One day I was out on the town with my best friend, when he saw a particularly abusive text message she had sent me, out of nowhere. I had taken to hiding my phone, but I had a few drinks swishing through my system and silly me, I left my phone out in plain view.
“Why are you in this relationship?” he asked me, his piercing blue eyes sharpening with concern.
I looked at my phone, which was held by shaky hands with chipped red polish. I realized I was the girl with shaky hands and chipped red polish. I was a shell of myself. I had lost weight. My style was dumbed down. My bright personality had become blurry and vague. I felt blurry and vague. I felt like my identity was disintegrating into the concrete of the shitty bar we were at. I could smell beer and cigarettes on my hair. Even my natural smell was lost in the thick of this new toxic life. I felt stripped of my essence. Like I was just a thing sifting through the world with no weight to root me to the earth.
“Because it’s exciting. I prefer excitement more than just a safe boring love,” I answered. Had my voice become quieter?
As soon as the words came out of my mouth I knew I was fucked up. I knew how dumb it sounded. How had I let myself become a victim to “love?” I knew this wasn’t who I was. I knew I had to get out and find myself again.
But for a long time after that I was convinced that love was either exciting and unpredictable, butterfly-filled but toxic or that it was predictable and safe, wonderfully warm but dull and boring. I wrote the whole thing off. Nah, this isn’t for me. I couldn’t risk losing my identity again and I hate boredom more than I hate watching paint dry. The guard came up.
But the guards are always up until they’re not, right? Recently I’ve learned that you don’t have to chose between a fiery, exciting relationship and your sense of safety and stability anymore. I know, I know, I’m a late bloomer, but I’ve always been a little late to the game.
Maybe it’s all the drugs I did as a teen. Maybe it’s because I have to learn things for myself and just don’t learn from other people’s mistakes. Maybe it’s because when I do learn things, they’re deeply ingrained into my core for life and I never forget them. Maybe it’s because I dropped out of college.

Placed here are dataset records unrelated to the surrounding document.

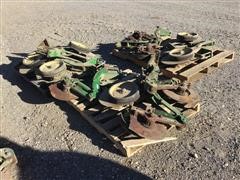 John Deere A84401 Fertilizer Openers 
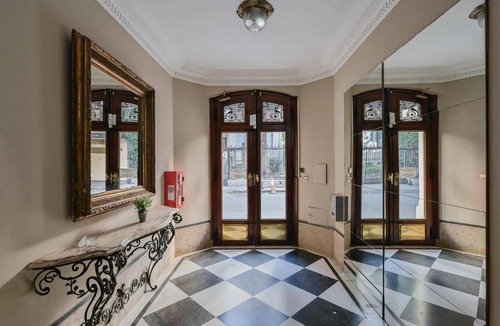 Recoleta Hotel | LDV Aparts 2C Entrepiso by MOT Rentals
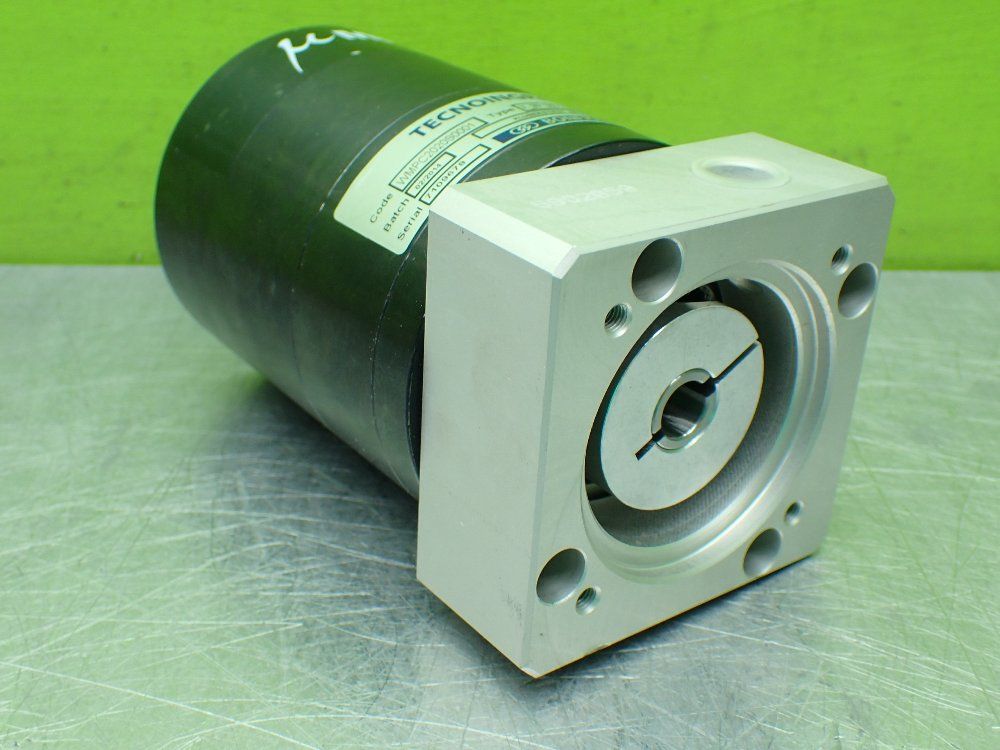 Bonfiglioli Planetary Gearbox. Wmpc2020s0001 - X_mp 080 2 20 Std 60a2 Cd 11 S1 Or Hb Ke I.k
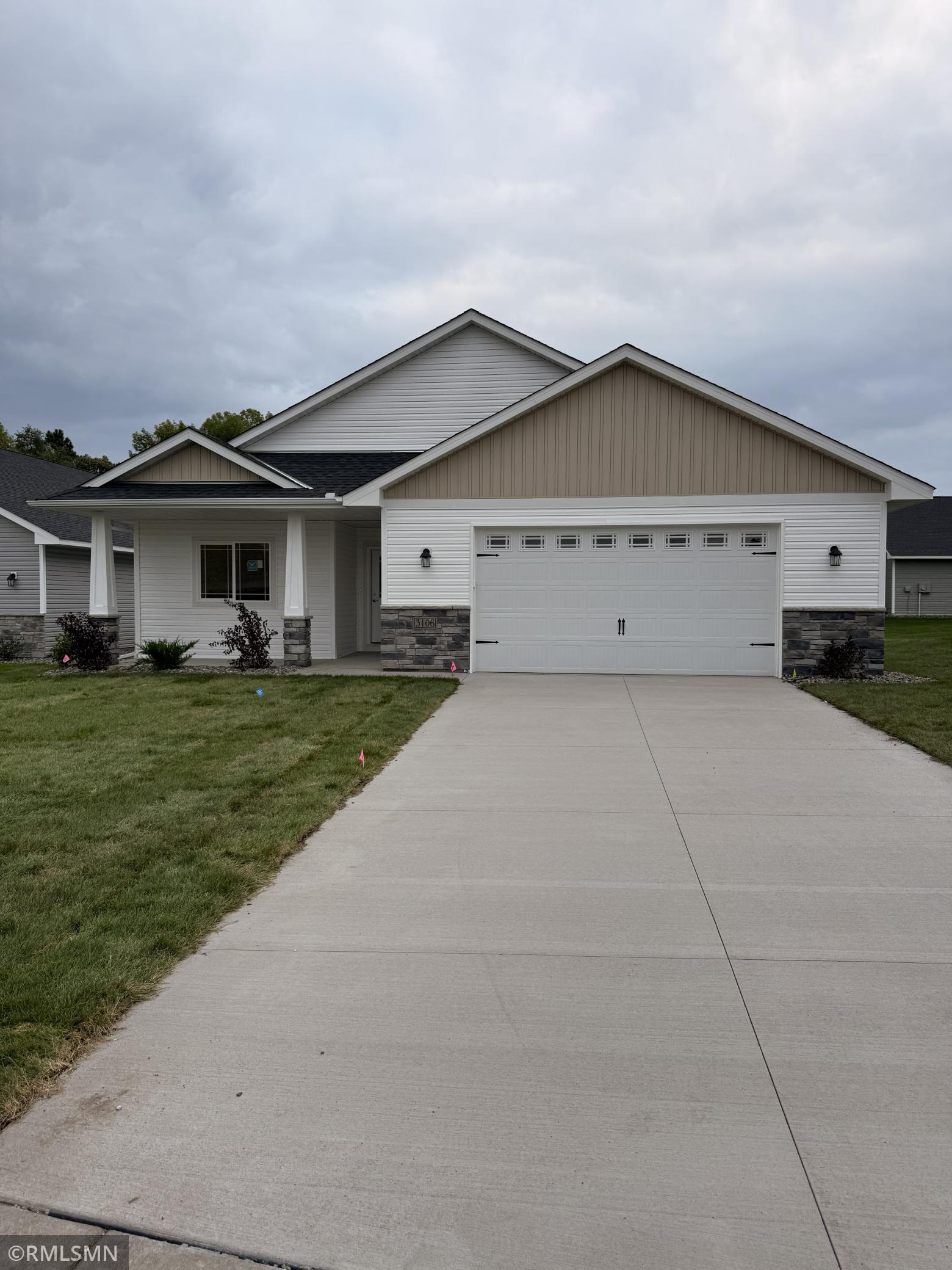 3106 Zuni Way NW — photo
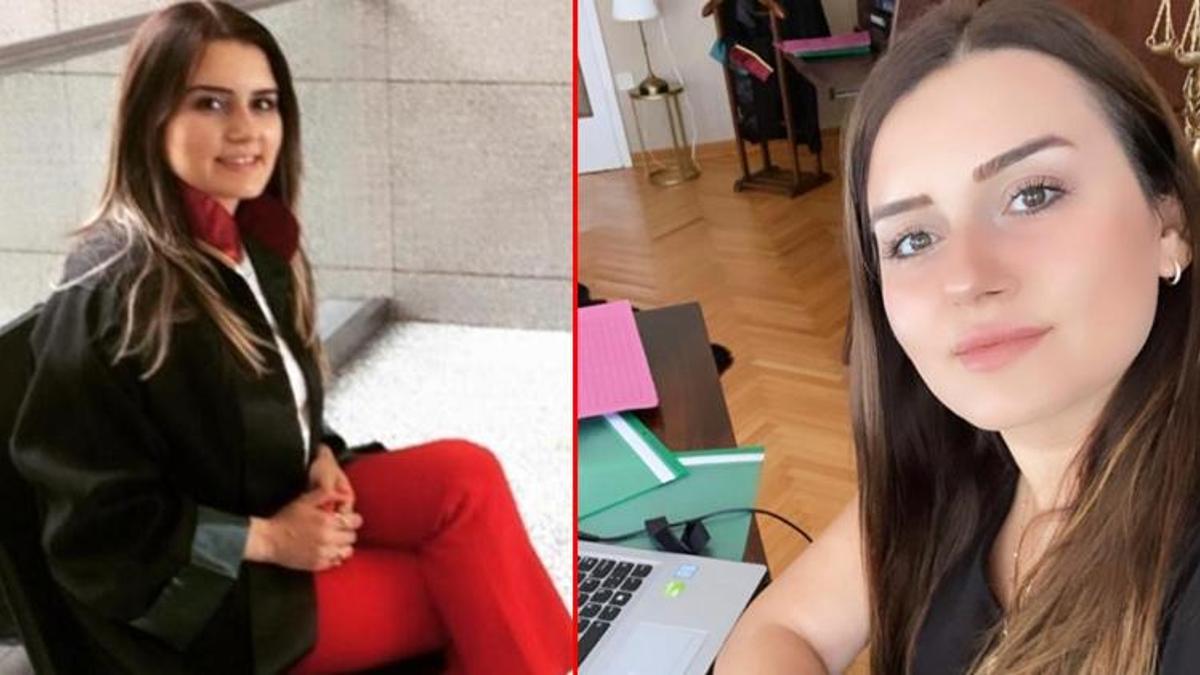 Avukat cinayetinde flaş detaylar ortaya çıktı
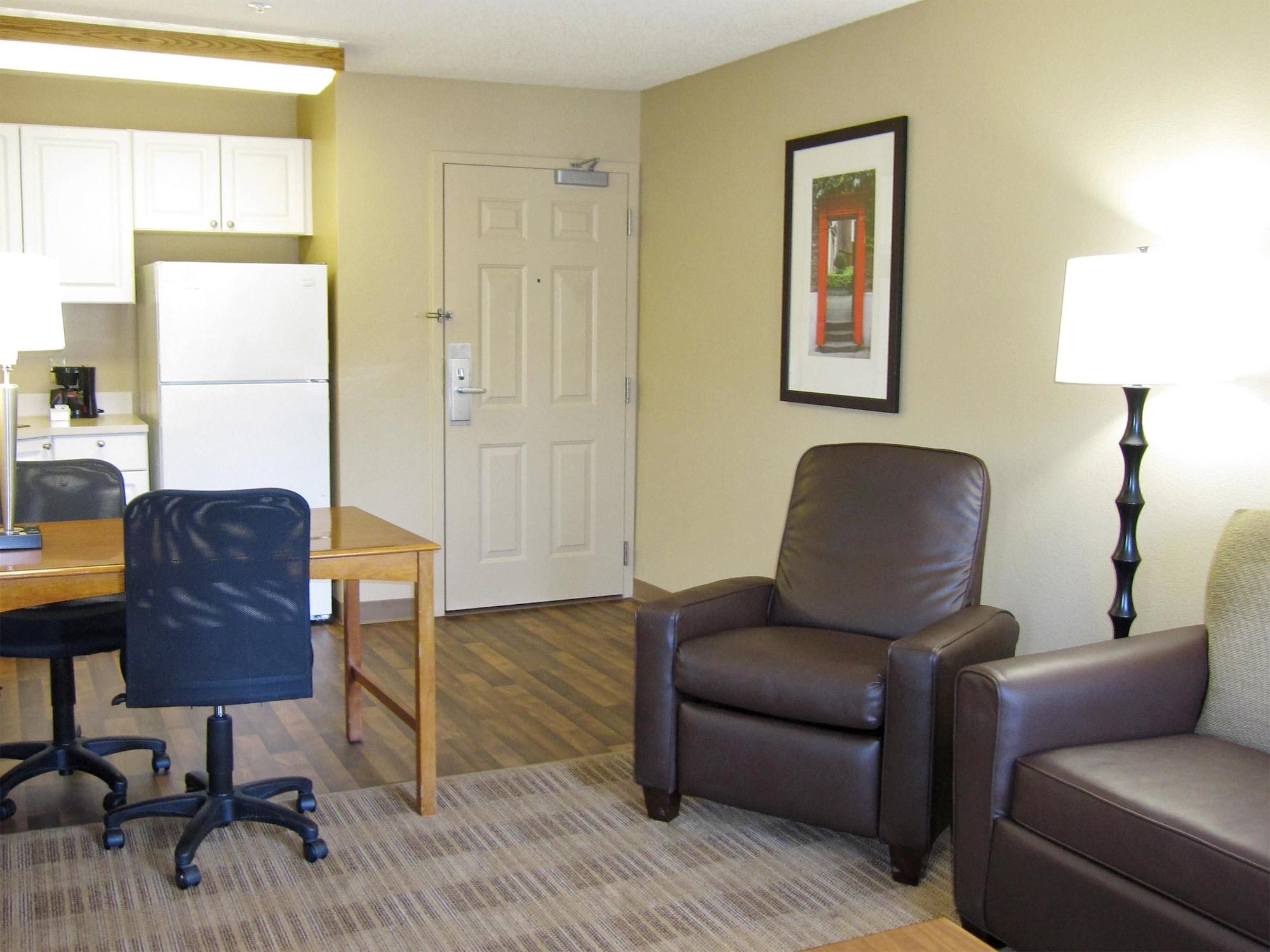 Extended Stay America Suites - San Jose - Edenvale - South Luaran gambar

I don’t know. I don’t care. Because my entire life has changed now that I’ve learned that true love is all about feelings safe in the arms of another person, because you know they don’t want to hurt you. But also feeling wildly excited and nervous but the excitement and the nerves are because the weight of your feelings are so beautiful and expansive and so you’re so turned on and attracted to them that’s thrilling.
So, kittens, the moral of the story is: You can have it all. Don’t think you ever have to choose one or the other. It just might take a second for the right pieces to fall into place. And while you’re waiting, keep cultivating that sacred relationship with yourself. Because you won’t find the whole thing, until you’re the whole thing.